Basically this program I am writing is going to be a search. Each day, this log file will be parsed somewhere to a database, so a user can log on to a site, search via a field (such as date, time, etc.) and get a list of results. The database does not need to be viewable to the user, only their search results.

At this point, I am thinking of parsing with PHP, making a MySQL database to hold the data, and searching the database with PHP.

Any ideas, help, guidance, whatever is greatly appreciated.

Edit: If PHP and MySQL end up being the languages I use, I would need a testing server, right? I can't just test these scripts on my computer?

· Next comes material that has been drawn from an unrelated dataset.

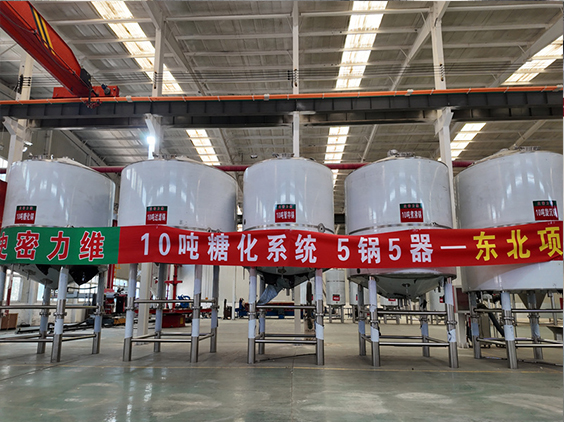 邢台精酿啤酒设备厂—5吨五锅五器糖化系统—四川项目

11. ### bobber205 macrumors 68020

Joined:
Nov 15, 2005
Location:
Oregon
#11
MySql and PHP can be installed locally. You can reach your server by going to locahost:80

I just checked my apps folder and I can't seem to find the app that does this server. Do a quick "PHP and MYSQL server for OS X" search on google.

EDIT: I tried that search and I can't find it. Damn.

12. ### barr08 thread starter macrumors 65816

Joined:
Aug 9, 2006
Location:
Boston, MA
#12
I am actually stuck at work on this XP box, which might make looking for something like that easier. I'll poke around google for something.
Does anyone know how I could do this on a windows machine? I am coming up short here.

13. ### macfaninpdx macrumors regular

Joined:
Mar 6, 2007
#13
You could either install them separately, by going to their respective sites (mySQL and PHP), or you could use packaged solution such as XAMPP, which will install Apache, MySQL, PHP & PEAR, and PERL along with several other useful utilities.

The advantage to installing them individually is that you only install the pieces you need. The advantage to using something like XAMPP is that it gives you administration utilities as well.

14. ### barr08 thread starter macrumors 65816

Joined:
Aug 9, 2006
Location:
Boston, MA
#14
Awesome, thanks. That program is exactly what I needed.

Now back to the original problem...

15. ### macfaninpdx macrumors regular

Joined:
Mar 6, 2007
#15
If you use PHP for you original question, you could try something like the following:
PHP:
 $logfile = file("\\path\\to\\your\\file"); foreach ($logfile AS $linenum =>$line) {     $logdate = substr ($line, 0, 8);     $logtime = substr ($line, 9, 12);     $level = substr ($line, 22, 4);     $id = substr ($line, 27, 29);     $info = rtrim (substr ($line, 57) ); } 
Doing it this way (with substr) means that the date, time, level and id must be the same exact length every time, or it will break the line in the wrong spot. So a RegEx expression would definitely be more robust, but since I do not know regex expressions very well , this is another solution.

16. ### pengu macrumors 6502a

Joined:
Mar 20, 2005
Location:
#16
firstly. i suggest you install apache2, php5 and mysql5 seperately. there are very easy to follow tutorials, and you aren't likely to need to mess with them much once its set up.

as for the log. i'll have a look @ it tomorrow while im at work (its 1.30am here and wayyy too late to be thinking technically) and see if i can offer a basic solution for extracting/splitting the string values.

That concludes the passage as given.